Thanks for the advice. I am hoping to find one or a few larger fish to keep the excitement going with schools of smaller fish. Not sure if that would be possible without the schooling fish becoming snacks though.

I like geos that would make a good addition I think. Not really into flower horns or oscars.



Cstar_BC said:


> How about some silver dollars ? They're pretty peaceful and fun to watch eat - besides they are pretty to watch


I have thought about silver dollars.
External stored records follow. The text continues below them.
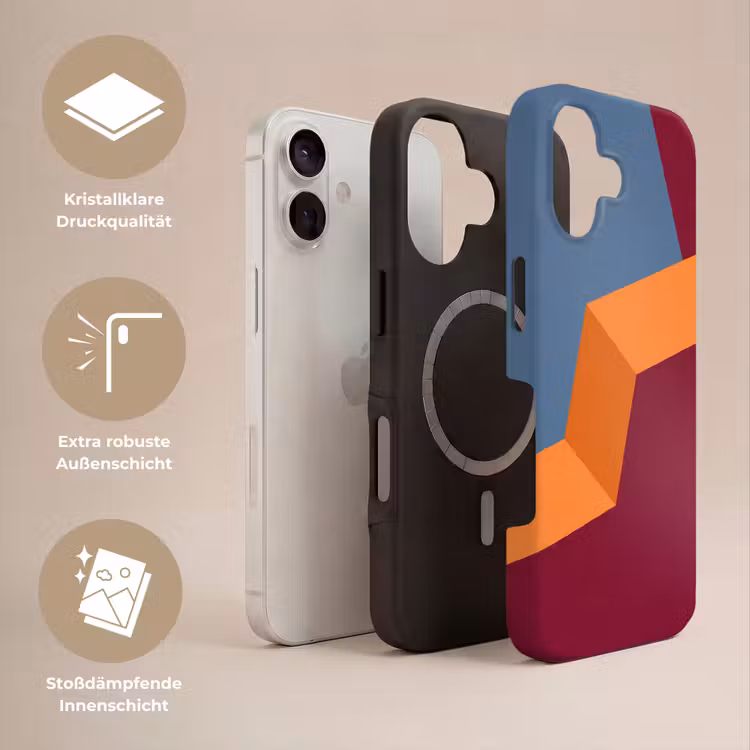 Handyhülle Toughcase - Zusammenfassung – Formen – Modern – Blau – Orange — 3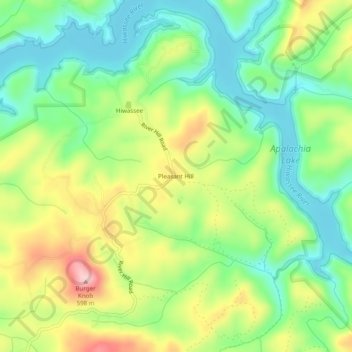 Pleasant Hill topographic map, elevation, terrain
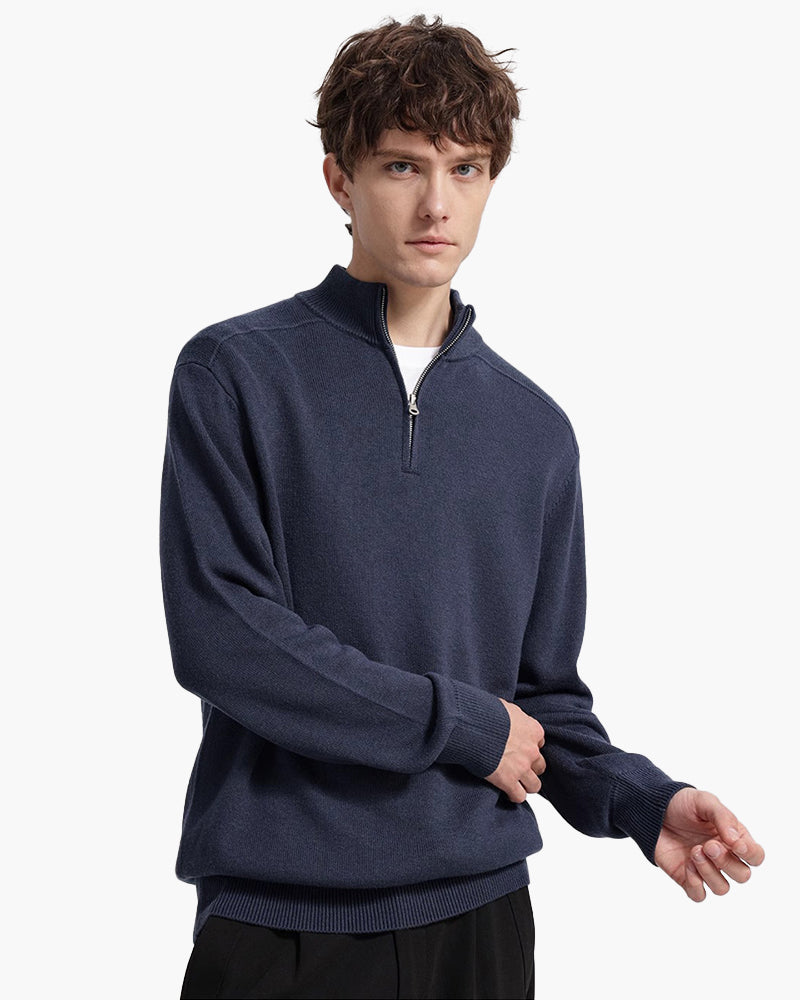 VELMAR | Herren Merino Wollpullover Half Zip Warm
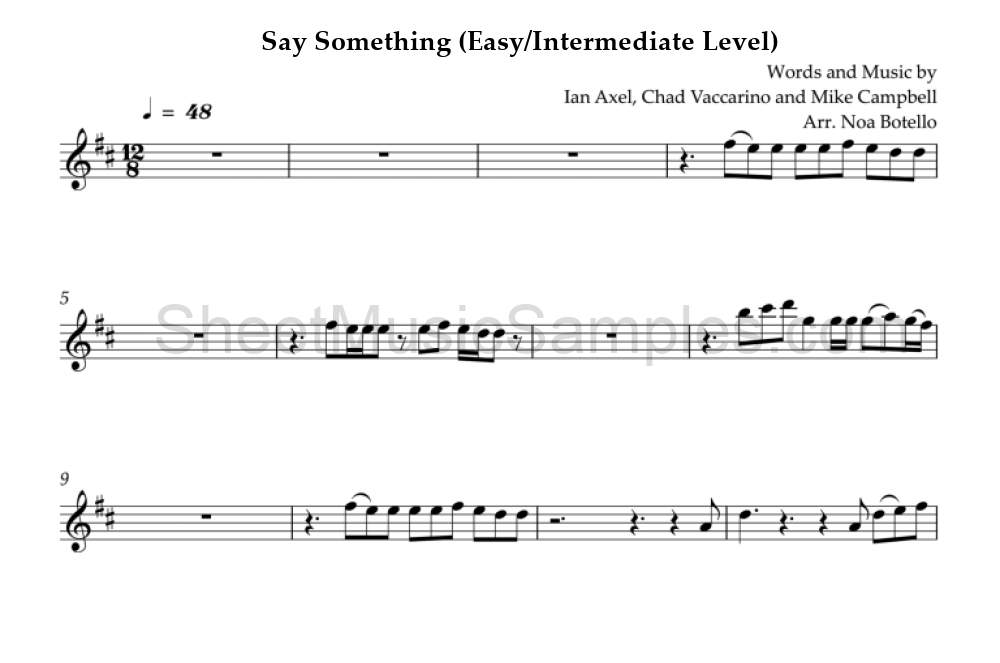 Say Something (Easy/Intermediate Level)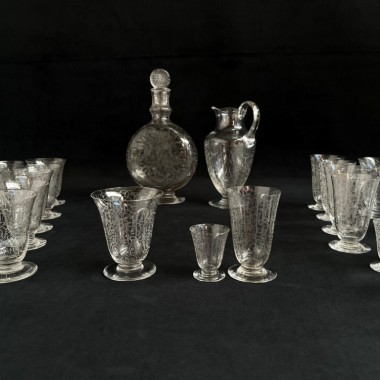 Baccarat 1930 - Service de 52 pièces cristal - modèle Michel Ange 1930 verres flutes carafe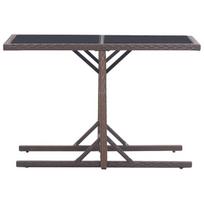 Sodo stalas，Lauko stalas, rudos spalvos, 110x53x72cm, stiklas, poliratanas CFE822790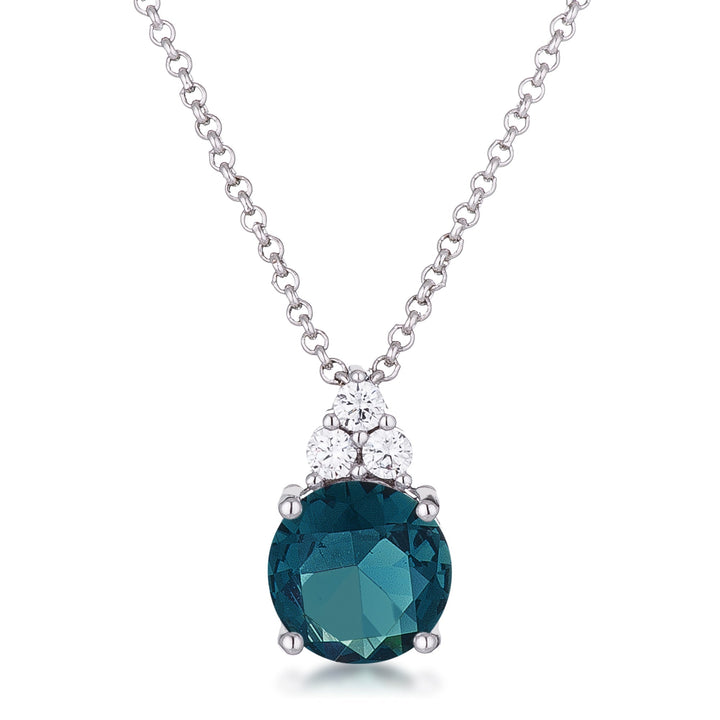 Buy LOVCIA Rhodium Plated Pendant with Blue Green CZ and White Accents - Latest Stylish Pendants for Women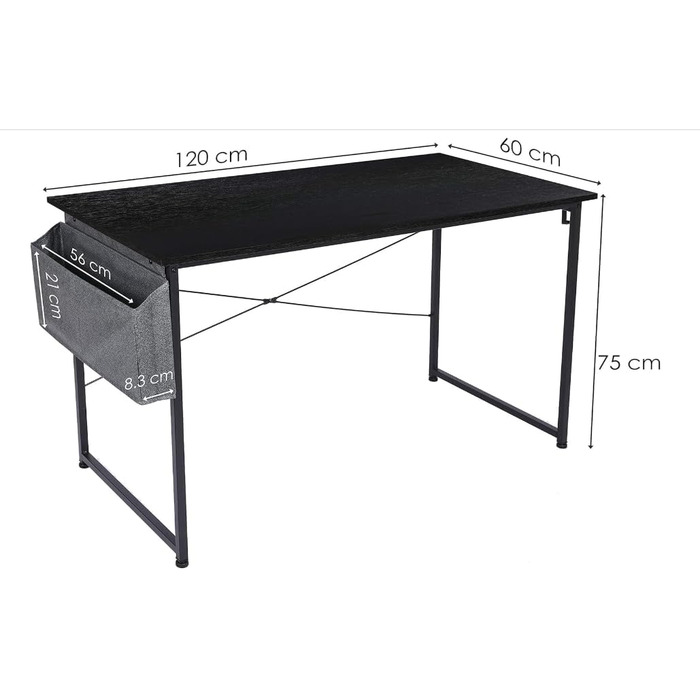 Письмовий стіл, комп&39ютерний стіл з тримачем для навушників та сумкою для зберігання, міцний робочий стіл, промисловий дизайн, ПК-стіл, невеликий офісний стіл для дому, офісу (Чорний, 120 x 60 x 75 см) Чорний 120 x 60 x 75 см
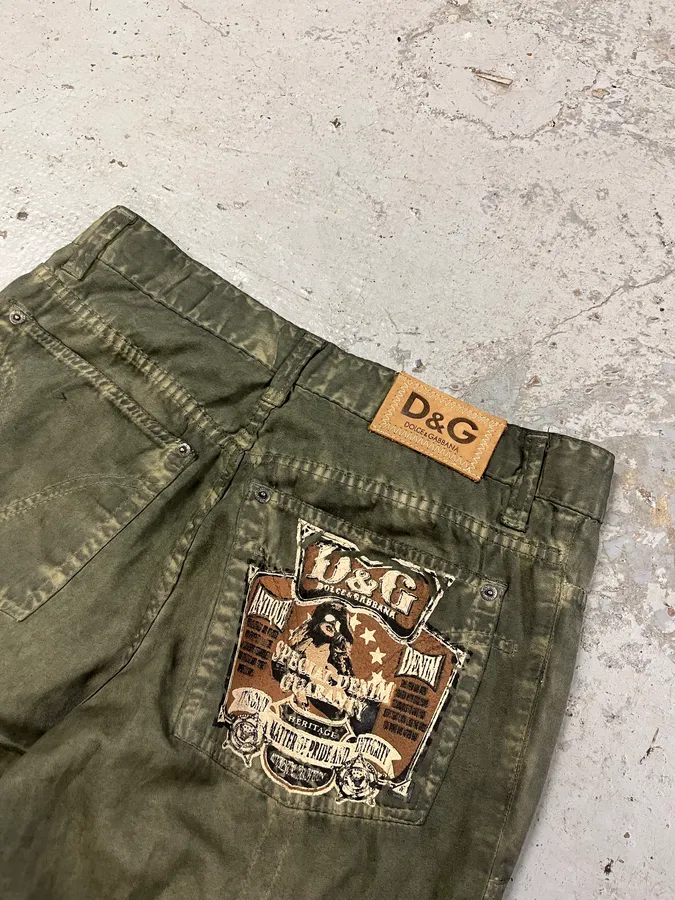 SS2006 Dolce & Gabbana Olive Green Pants - Image 9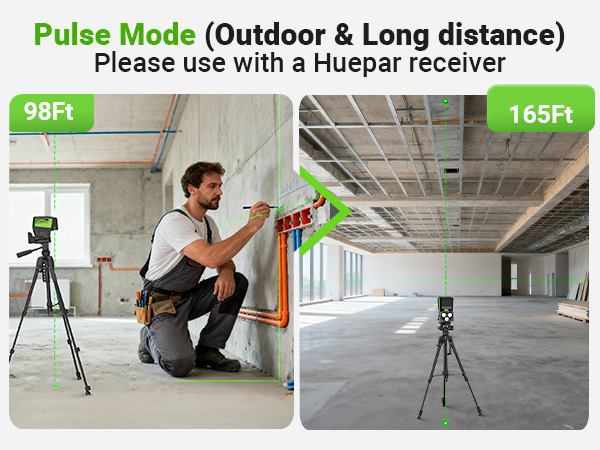 Huepar PL211G Laser Level with 2 Plumb Dots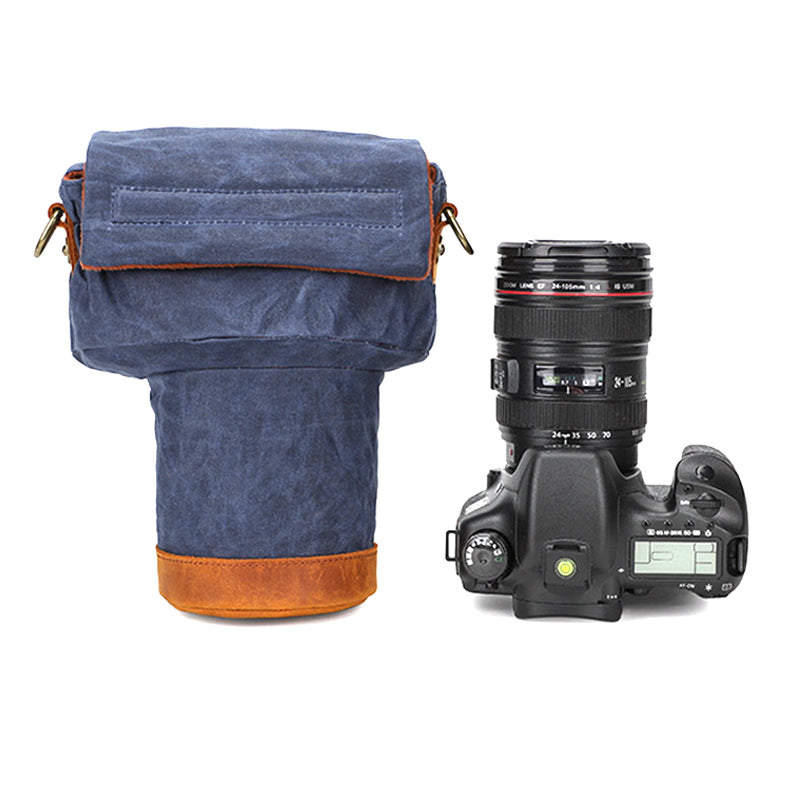 K809 for Canon/Nikon/Sony Shock-absorbing Anti-fall SLR Camera Carrying Bag Canvas Camera Protection Bag with Shoulder Strap - Blue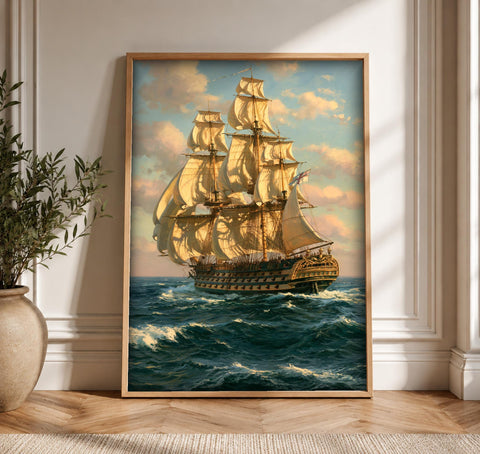 Nautical Wall Art, Royal Navy Ship Print, HMS Victory, Framed Unframed or Digital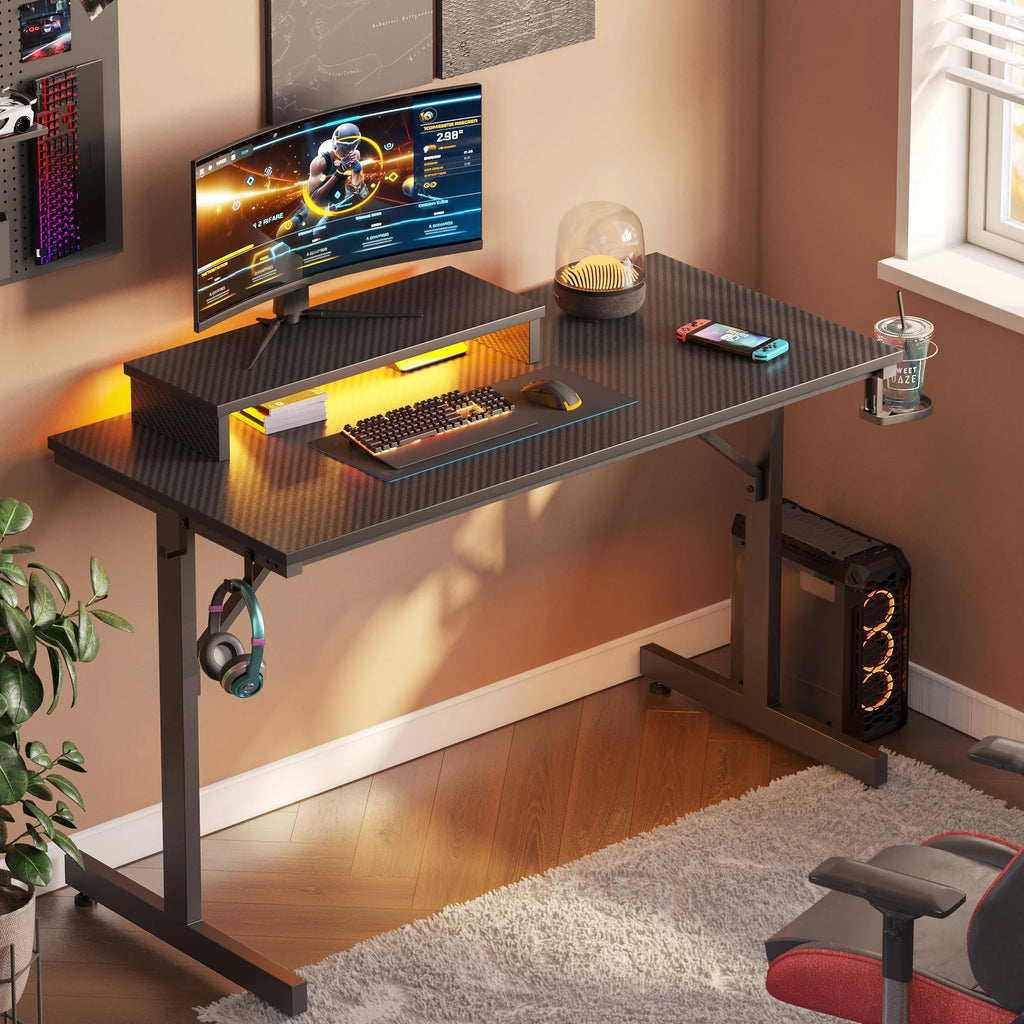 42" Gaming Desk with LED Lights, Monitor Stand, Headphone Hook, Cup Holder in Carbon Fiber Black V548677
They are on the list of fish to add.

So far I have been thinking between a single big cichlid or maybe even the fahaka
A tank filled with a bunch of schooling fish
SA biotope with some plecos.


----------



## dino (Aug 29, 2011)

Sorry to say it but is 20 a fish is to much then your in the wrong hobby


----------



## engotski (Nov 9, 2014)

Blue Zaire variant of frontosas with syno cats and a few calvus...


----------



## lnk (Mar 10, 2013)

engotski said:


> Blue Zaire variant of frontosas with syno cats and a few calvus...


Just checked out a few pictures of that and I must say that is pretty nice looking fish. I don't think I have seen them that blue before.

What else could I add with those fish. The gf thinks this is the best idea so far.


----------



## Mick2016 (Jun 16, 2016)

Definitely would go for the "schooling fish" tank idea . . . with lots of live plants. Neon Tetras, Black Neons, Glowlight Tetras, and Harlequin Rasboras. About 30-40 of each. :0)

(Rummy Nose Tetras are nice too, but a little more frail and very sensitive to even slight water condition fluctuations.)

P.S. Throw in a few bottom dwellers, too. Corys? Otos?


----------